= WORK TO COMPLETE =
Each entry must appear in the answer exactly as given.

Records contained in a dataset:
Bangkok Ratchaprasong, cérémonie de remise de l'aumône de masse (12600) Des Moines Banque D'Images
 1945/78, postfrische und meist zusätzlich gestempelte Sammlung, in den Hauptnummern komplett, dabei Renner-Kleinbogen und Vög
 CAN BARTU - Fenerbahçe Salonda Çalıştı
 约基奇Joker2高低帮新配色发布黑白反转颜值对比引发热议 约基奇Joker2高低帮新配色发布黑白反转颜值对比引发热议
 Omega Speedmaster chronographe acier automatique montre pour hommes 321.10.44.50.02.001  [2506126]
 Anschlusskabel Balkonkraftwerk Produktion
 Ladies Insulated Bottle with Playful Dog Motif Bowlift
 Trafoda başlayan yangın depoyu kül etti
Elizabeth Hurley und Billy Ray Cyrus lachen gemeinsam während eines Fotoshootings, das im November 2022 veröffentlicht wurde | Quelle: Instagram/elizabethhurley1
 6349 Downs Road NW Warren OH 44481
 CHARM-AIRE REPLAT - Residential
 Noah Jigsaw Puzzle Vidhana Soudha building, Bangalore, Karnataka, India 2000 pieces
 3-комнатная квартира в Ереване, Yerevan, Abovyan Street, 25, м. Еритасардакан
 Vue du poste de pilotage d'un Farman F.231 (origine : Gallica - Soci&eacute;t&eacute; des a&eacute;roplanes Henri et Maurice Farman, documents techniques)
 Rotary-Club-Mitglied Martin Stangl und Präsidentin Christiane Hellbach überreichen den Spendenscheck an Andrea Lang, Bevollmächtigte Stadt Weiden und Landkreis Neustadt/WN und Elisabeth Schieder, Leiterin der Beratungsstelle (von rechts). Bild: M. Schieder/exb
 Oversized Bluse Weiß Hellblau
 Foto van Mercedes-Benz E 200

= RESPONSE =
Bangkok Ratchaprasong, cérémonie de remise de l'aumône de masse (12600) Des Moines Banque D'Images
 1945/78, postfrische und meist zusätzlich gestempelte Sammlung, in den Hauptnummern komplett, dabei Renner-Kleinbogen und Vög
 CAN BARTU - Fenerbahçe Salonda Çalıştı
 约基奇Joker2高低帮新配色发布黑白反转颜值对比引发热议 约基奇Joker2高低帮新配色发布黑白反转颜值对比引发热议
 Omega Speedmaster chronographe acier automatique montre pour hommes 321.10.44.50.02.001  [2506126]
 Anschlusskabel Balkonkraftwerk Produktion
 Ladies Insulated Bottle with Playful Dog Motif Bowlift
 Trafoda başlayan yangın depoyu kül etti
Elizabeth Hurley und Billy Ray Cyrus lachen gemeinsam während eines Fotoshootings, das im November 2022 veröffentlicht wurde | Quelle: Instagram/elizabethhurley1
 6349 Downs Road NW Warren OH 44481
 CHARM-AIRE REPLAT - Residential
 Noah Jigsaw Puzzle Vidhana Soudha building, Bangalore, Karnataka, India 2000 pieces
 3-комнатная квартира в Ереване, Yerevan, Abovyan Street, 25, м. Еритасардакан
 Vue du poste de pilotage d'un Farman F.231 (origine : Gallica - Soci&eacute;t&eacute; des a&eacute;roplanes Henri et Maurice Farman, documents techniques)
 Rotary-Club-Mitglied Martin Stangl und Präsidentin Christiane Hellbach überreichen den Spendenscheck an Andrea Lang, Bevollmächtigte Stadt Weiden und Landkreis Neustadt/WN und Elisabeth Schieder, Leiterin der Beratungsstelle (von rechts). Bild: M. Schieder/exb
 Oversized Bluse Weiß Hellblau
 Foto van Mercedes-Benz E 200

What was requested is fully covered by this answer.